GOAL OF THE EXERCISE: Lines holding the word "album" must be located in the listing below and copied.

____ DATA FOR PROCESSING

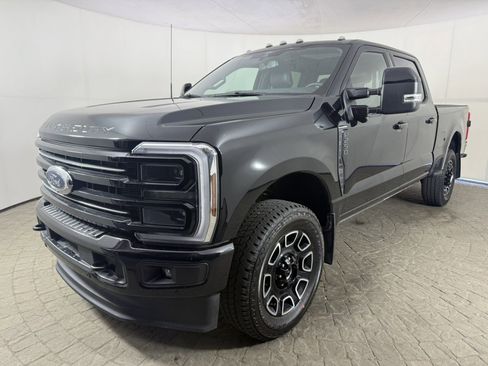Certified 2025 Ford F250 Platinum AWD/4WD image 3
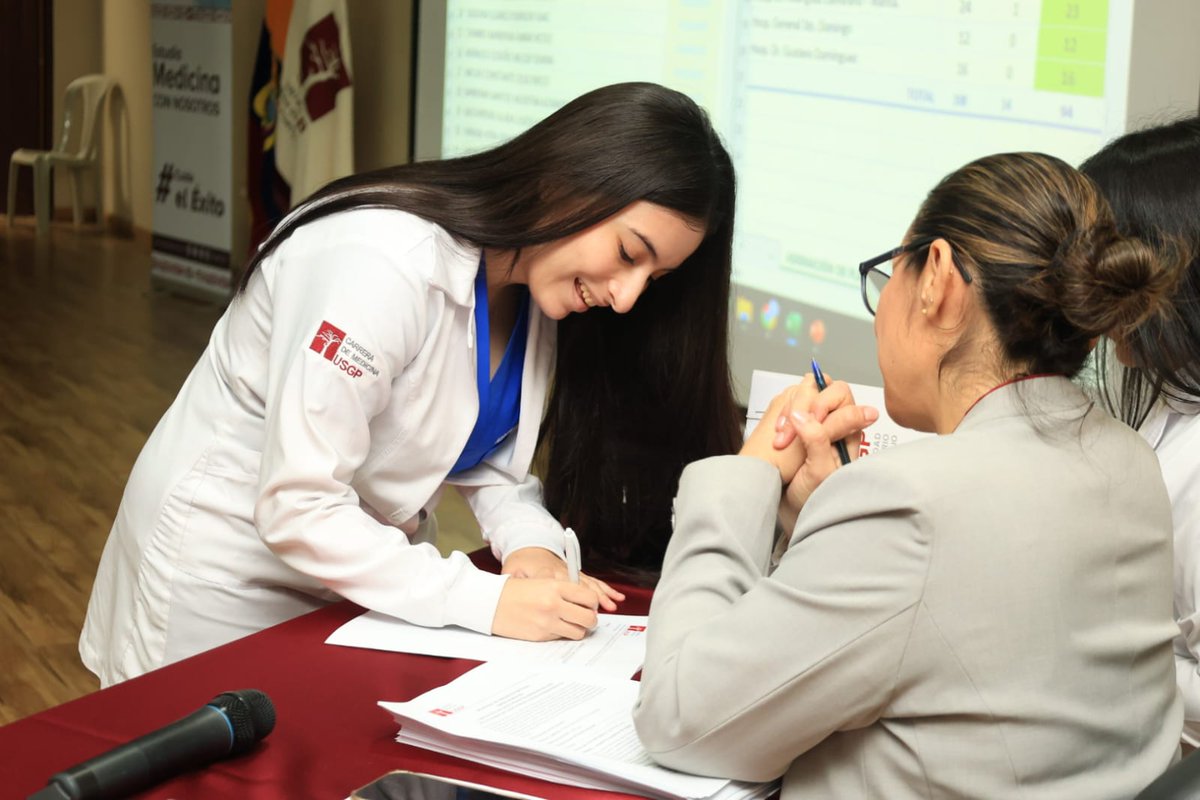 USGPOFICIAL's tweet photo. 🩺 Un paso más hacia el ejercicio profesional.
Los estudiantes de 10.º nivel de la carrera de #Medicina de la #USGP participaron en la Elección y Asignación de Plazas del Internado Rotativo, una etapa clave en su formación académica que les permitirá fortalecer sus competencias en escenarios reales de atención en salud.
Les deseamos éxito en esta nueva experiencia de aprendizaje y servicio a la comunidad 👩🏻⚕️👨🏻⚕️.
#InternadoRotativo #FormaciónProfesional #Salud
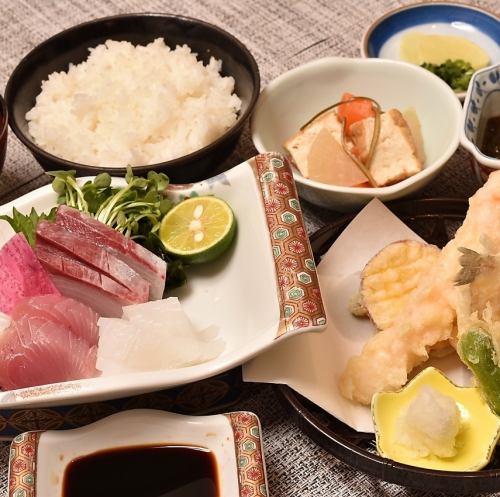 Sashimi and tempura set meal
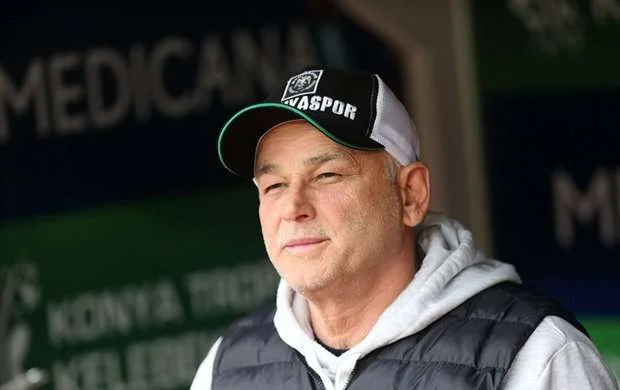 "Konyaspor" baş məşqçisi ilə vidalaşdı 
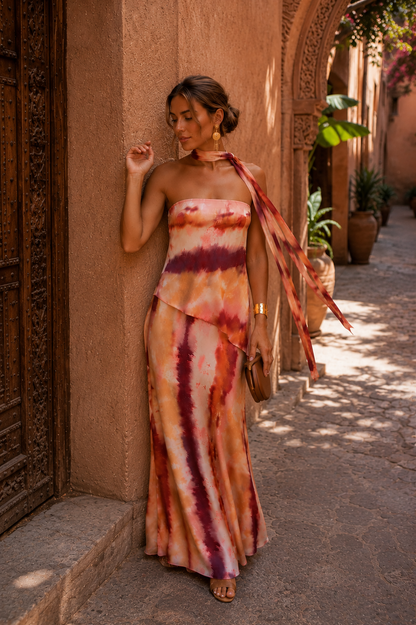 Robe longue tie-dye rose et mauve, vue de profil, rubans longs sur l’épaule.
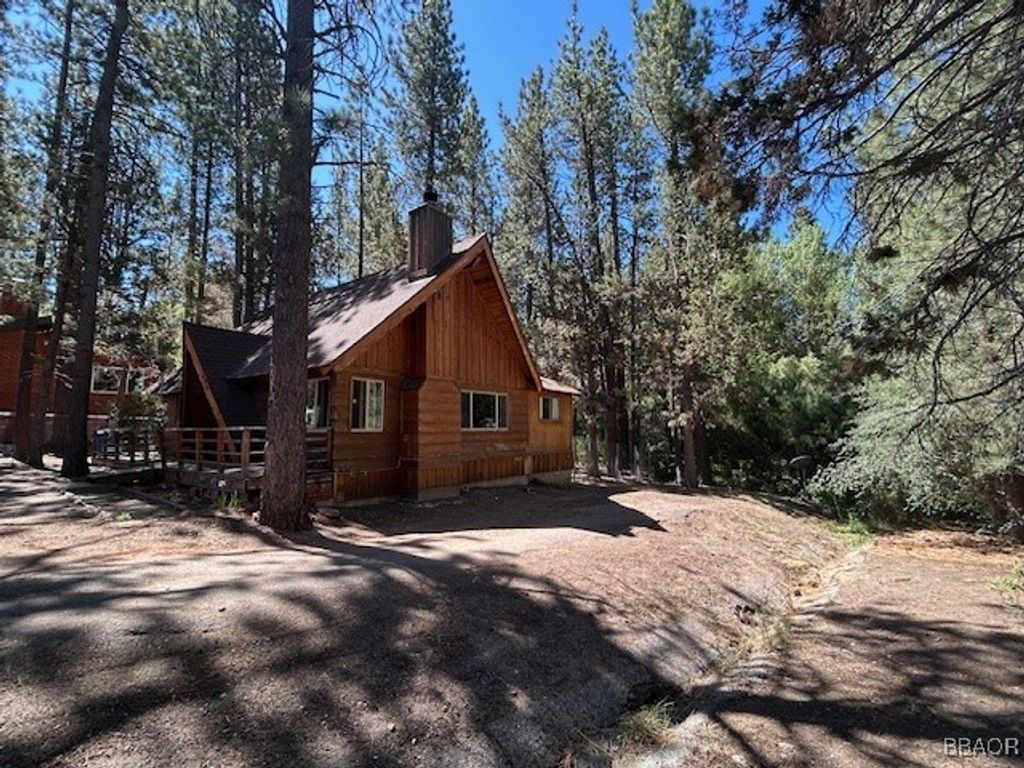 Photo of 496 Catalina Road, Big Bear Lake, CA 92315 (MLS # 32501599)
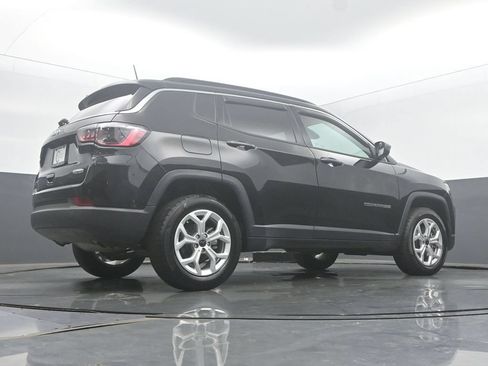 Used 2025 Jeep Compass Latitude AWD/4WD image 58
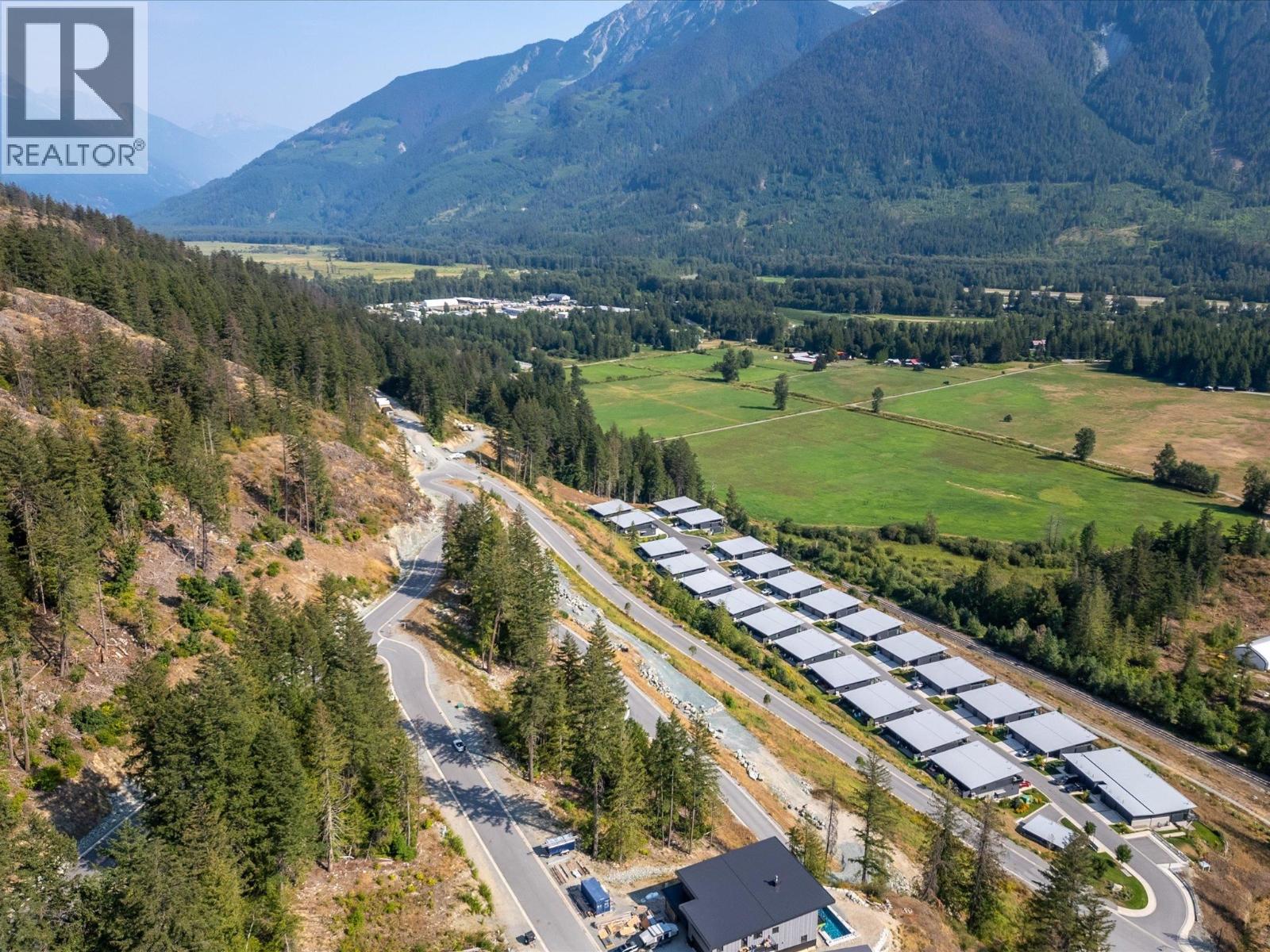 8206 Merlot Peak Drive, Pemberton, British Columbia  V0N 2L3 - Photo 10 - R3132305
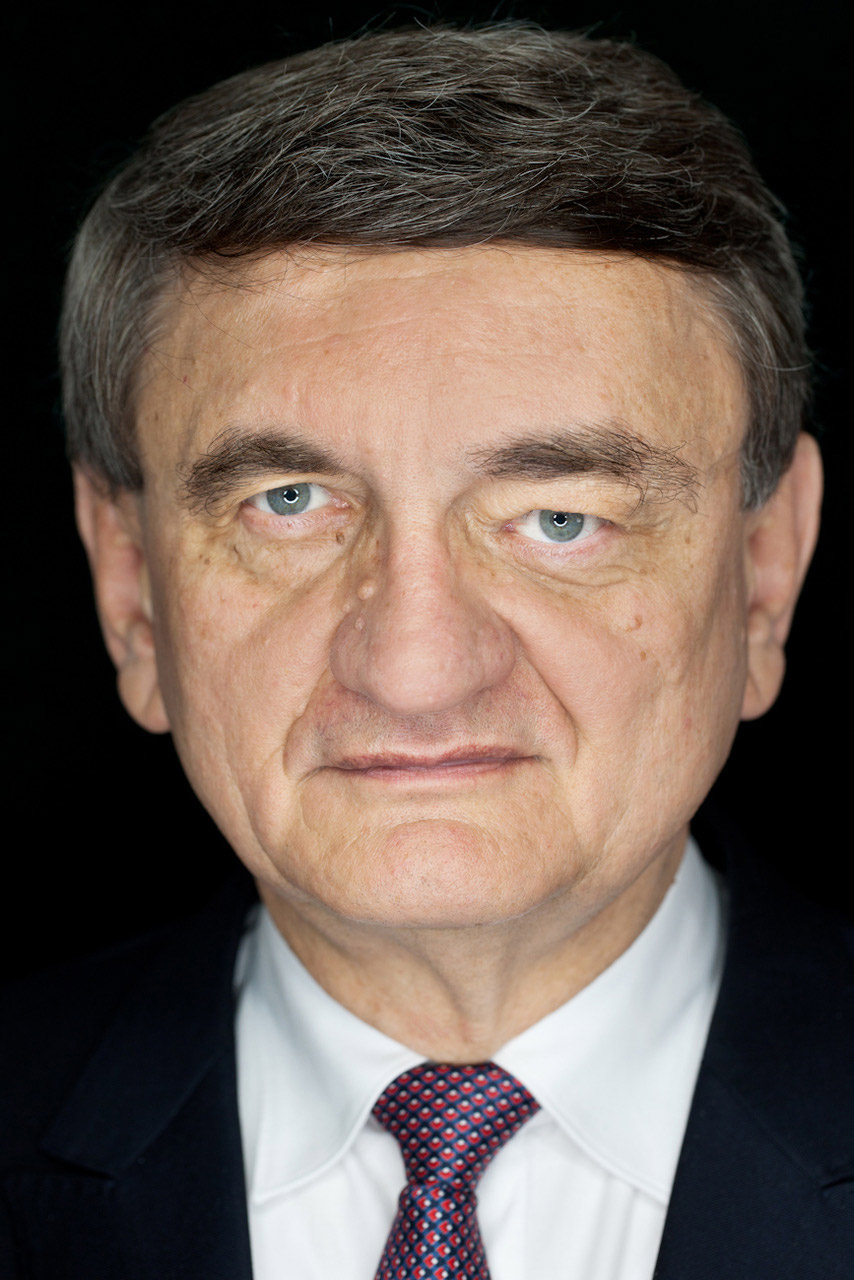 Victor Ciorbea, prim ministru al României (1996-1998).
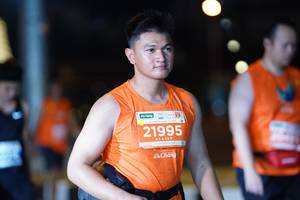 BIB: 21995
                            <button type="button" onclick="openModal(15201862)" class="btn btn-primary btn-sm float-right btn-popup" data-toggle="modal" data-target=".modal-high-quality">
                        <i class="fas fa-shopping-cart"></i> Add to Cart
                    </button>
                                            <button type="button" onclick="isThisMe(15201862, true)" class="btn btn-success btn-sm float-right btn-popup btn-isme hidden" data-toggle="tooltip" data-placement="bottom" title="นี่คือรูปของคุณใช่ไหม คลิกที่นี่เพื่อเอาเข้าอัลบั้ม">
                        <i class="fas fa-plus"></i> Add to album
                    </button>
                    <button type="button" onclick="isThisMe(15201862, false)" class="btn btn-warning btn-sm float-right btn-popup btn-isnotme hidden">
                        <i class="fas fa-ban"></i> Remove from album
                    </button>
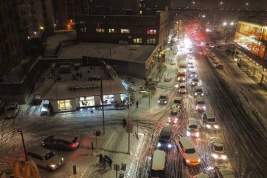 Снегопад привел к транспортному коллапсу в Нью-Йорку
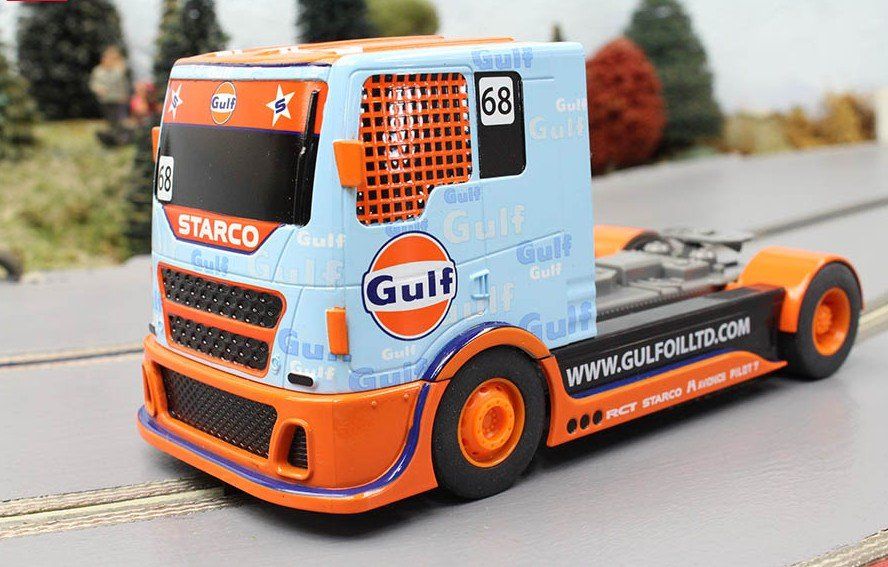 Piste: C3722 Scalextric Lkw Gulf Nr. 68 mit Carson Digitaldecoder – Nuovo e nell'imballaggio originale da Bettlach venduto da Qwert12 1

________

EXERCISE RESPONSE:
                        <i class="fas fa-plus"></i> Add to album
                        <i class="fas fa-ban"></i> Remove from album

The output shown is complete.